Como sempre disse e repito: o vieira de carvalho é um frustrado, sequisoso de se vingar dos que não gosta, de exercer o Poder Absoluto em tudo o que puder, enfim, precisa de se Afirmar......coitado, diria que "um pobre diabo -pseudo-intelectual" que não olha a meios para atingir os seus tristes fins!!!1
É só disto que nos aparece a dirigir a Cultura deste país!!!!

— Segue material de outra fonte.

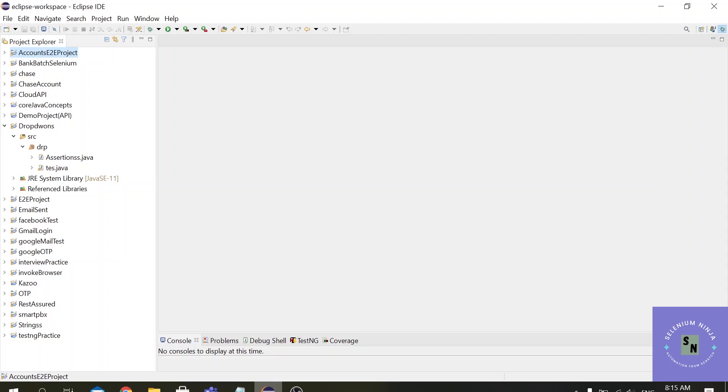So Chrome Options is particularly used for the Chrome browser which is useful to alter the settings of the Chrome browser. So let us see which settings we are going to alter, some of the basic settings we are going to see in this video.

Eu acho que isto é grave porque, como diz o João Gonçalves, é um sintoma. E de quê? Pois, precisamente da ocupação da Opera por parte dos estalinistas. Por acaso, acabei de passar por um blog que denuncia isso mesmo, mas de forma ainda mais clara: http://criticomusical.blogspot.com/2007/03/o-camarada-hermenutica.html. A tese é a seguinte e está bem vista: O Dammann é natural da ex RDA e até é lá formado, certo? E o Mário de Carvalho… need I say more? A primeira coisa que ele vai fazer (bom, a terceira, para não muito nas vistas) é acabar com o Wagner, dizendo que ele é nazi, e encomendar uma ópera a celebrar o caramada Honeker, à boa maneira das óperas da Coreia do Norte. É o que eu digo: tiram-nos o Paolo, como diz o Augusto M. Seabra, ficamos sem Pinamonti. É mesmo motivo para acrescentar: ai Jesus.
José Valquirio
Como se derrubou o muro de Berlim....vem este ignóbel secretário de estado da cultura erguê-lo no São Carlos!!!!
Criar um "ensemble" de cantores residentes.....2 produções em exibição em simultâneo....CNB dentro das instalações.....Não quererá construir a Sala 1, Sala 2, Sala 3 para exibição das "SUAS" produções fantoches????